In cities, successful outdoor spaces require a balance between openness and density that leaves some room for whim, even wandering. Purely commercial development, on the other hand, follows a deterministic model, in which shoppers are guided by the architecture to behave, and spend, in predictable ways. Unless Related and Gehry can figure out a way to carve out more undedicated space on the lower levels, this project will have trouble reaching its civic potential.
That space doesn’t have to be a grand plaza with sculptures and a fountain. Gehry and Webb pushed, for example, for an escalator at the corner of 2nd and Olive that would open that edge of the development and draw pedestrians in and through the project. Related, which would prefer that most of its customers arrive by car or from Disney Hall, insisted that the escalator be built several yards north, away from the corner, and that it take visitors directly into a bookstore that will occupy a multilevel space there.
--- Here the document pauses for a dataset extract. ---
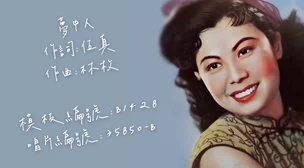 秋霞电影免费龙飘飘快乐的歌,真是一部让人心情愉悦的好作品,值得一看! 秋霞电影免费龙飘飘快乐的歌,真是一部让人心情愉悦的好作品,值得一看!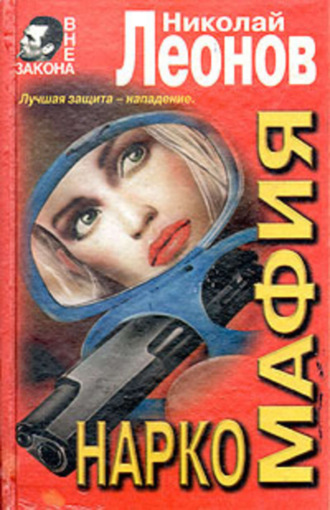 . Мы с тобой одной крови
You can guess where the escalator wound up.
Even on the main plaza, opening up from the sidewalk along Grand, there are spots where the design could take a more public stance. The axis running through the plaza from 1st to 2nd streets, which will become a crucial passageway leading to the new civic park if the Stanley Mosk Courthouse is eventually relocated, is too cramped, for example, as is the staircase leading down to 1st Street.
These are the decisions that determine how a new development greets the city and, in turn, how it helps shape the neighborhood around it. Indeed, what seemed to make this project more promising than all the other starry-eyed plans to remake Bunker Hill over the last half century is that its goals -- Broad’s references to the Champs Elysees notwithstanding -- seemed practicable.
Instead of seeking to turn downtown into the absolute center of Los Angeles, the elusive aim of those much-hyped earlier projects, it appeared this one might focus on making downtown more vital and friendlier to pedestrians and on knitting together its collection of architectural icons. Once Gehry, who was part of a design team that nearly won a Grand Avenue competition in 1979, was on board, those goals seemed more reachable.
The stakes in this project are high not just for L.A. but also nationally, because it offers a crucial test for the public-private partnership model that is coming to dominate city-making in this country. The government’s commitment to the public realm -- even the phrase sounds creakingly archaic these days -- has withered to almost nothing.
Instead we are experimenting with a new approach that asks developers to build quasi-public space, ringed with retail, in exchange for land, streamlined approval or help with the bottom line. If Gehry, who has amassed more cultural capital for negotiating with developers than any other architect in the country, can’t make the method work in his own backyard, it’s hard to imagine it succeeding anywhere.
“You have to pay for the public life,” the late architect Charles Moore suggested in a prescient 1965 essay, just as this shift in American culture was emerging. But even Moore might be surprised how steep the price has become.
Hawthorne is The Times’ architecture critic.